Thank you Susie - I also have podcasts on semi-colons and exclamation points.



Guitarist said:


> OK, it's late and I'm really sleepy but when I saw this thread title just now (even though I've seen it before) I thought it said "Fear of Comcast"! lol



LOL!

"Nooooo - not the cable guy!!!"


----------



## Shalimar (Apr 22, 2016)

Tn, funnily enough, I have a red fedora. Lol.


----------



## ancient mariner (Apr 19, 2018)

The Red Hat Society has become the international society dedicated to reshaping the way women are viewed in today's culture RHS supports and encourages women to pursue fun, friendship, freedom, fulfillment of lifelong dreams and fitness. It serves as the center point for all communications and opportunities for its members offering tools, tips, discounts, services and events specifically with Red Hatters in mind. The Red Hat Society has spent over a decade developing a strong online communication tool for Members assisting them in gaining new and exciting ways to enjoy life, sharing their unique and motivating stories and helping Members find local hatters and activities they can participate in. Women over age 50 are known as "Red Hatters," while those under 50 are lovingly referred to as "Pink Hatters."


----------



## ancient mariner (Apr 19, 2018)

When I am an old woman I shall wear purple
With a red hat which doesn't go, and doesn't suit me.
And I shall spend my pension on brandy and summer gloves
And satin sandals, and say we've no money for butter.
I shall sit down on the pavement when I'm tired
And gobble up samples in shops and press alarm bells
And run my stick along the public railings
And make up for the sobriety of my youth.
I shall go out in my slippers in the rain
And pick flowers in other people's gardens
And learn to spit.

You can wear terrible shirts and grow more fat
And eat three pounds of sausages at a go
Or only bread and pickle for a week
And hoard pens and pencils and beermats and things in boxes.

But now we must have clothes that keep us dry
And pay our rent and not swear in the street
And set a good example for the children.
We must have friends to dinner and read the papers.

But maybe I ought to practice a little now?
So people who know me are not too shocked and surprised
When suddenly I am old, and start to wear purple. 


Jenny Joseph


----------



## C'est Moi (Apr 20, 2018)

Commas, no problem.   Superfluous apostrophes... argh.   :upset:


----------



## helenbacque (Apr 20, 2018)

Any help for colons and semicolons, apostrophes, ellipses?


----------



## RadishRose (Apr 20, 2018)

They say people should have a colonoscopy every 3 years.

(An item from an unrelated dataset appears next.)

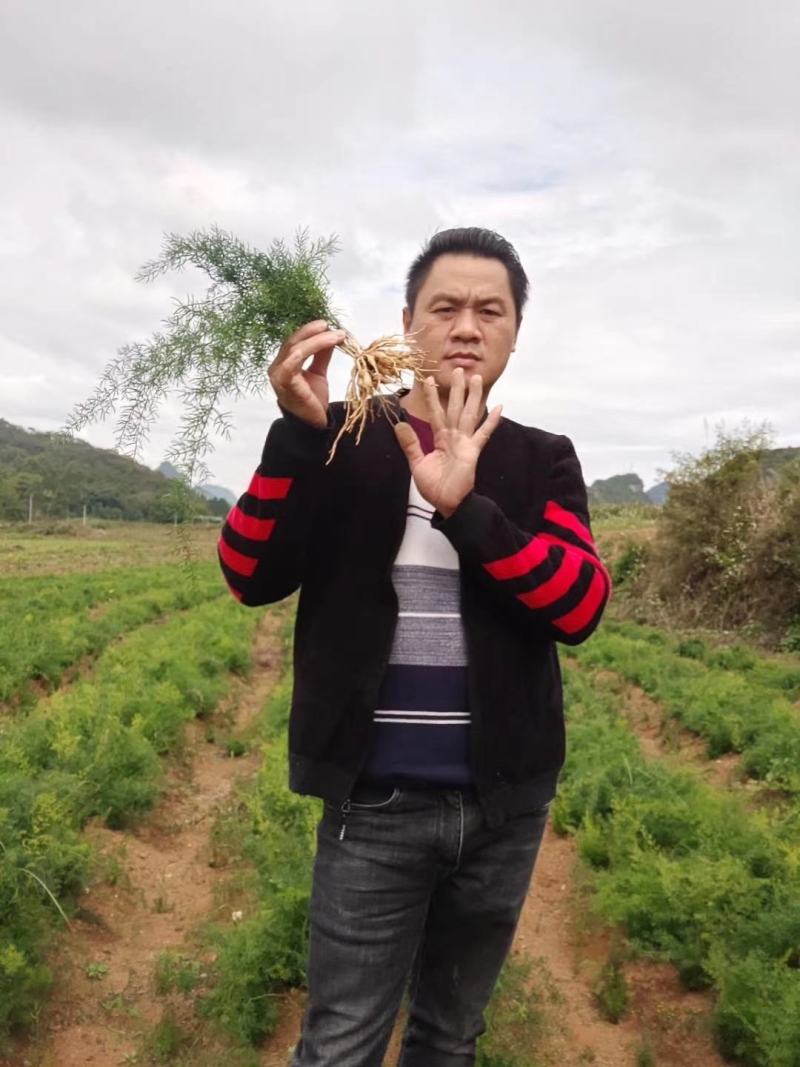 百部苗，天冬，百部，天冬苗，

Regular exercise should help with atrophies and don't look at eclipses without special glasses.layful:


----------



## Radrook (Apr 21, 2018)

That program seems more programed to harass than it is to teach. Thanks for the blog link, Will check it out.


----------



## Radrook (Apr 21, 2018)

Wrigley's said:


> Grammarly, asking for a body-slam. NOW, before it's, too late.



You sure as hell don't wanna mess with Grammarly. Dat's fo sure!


----------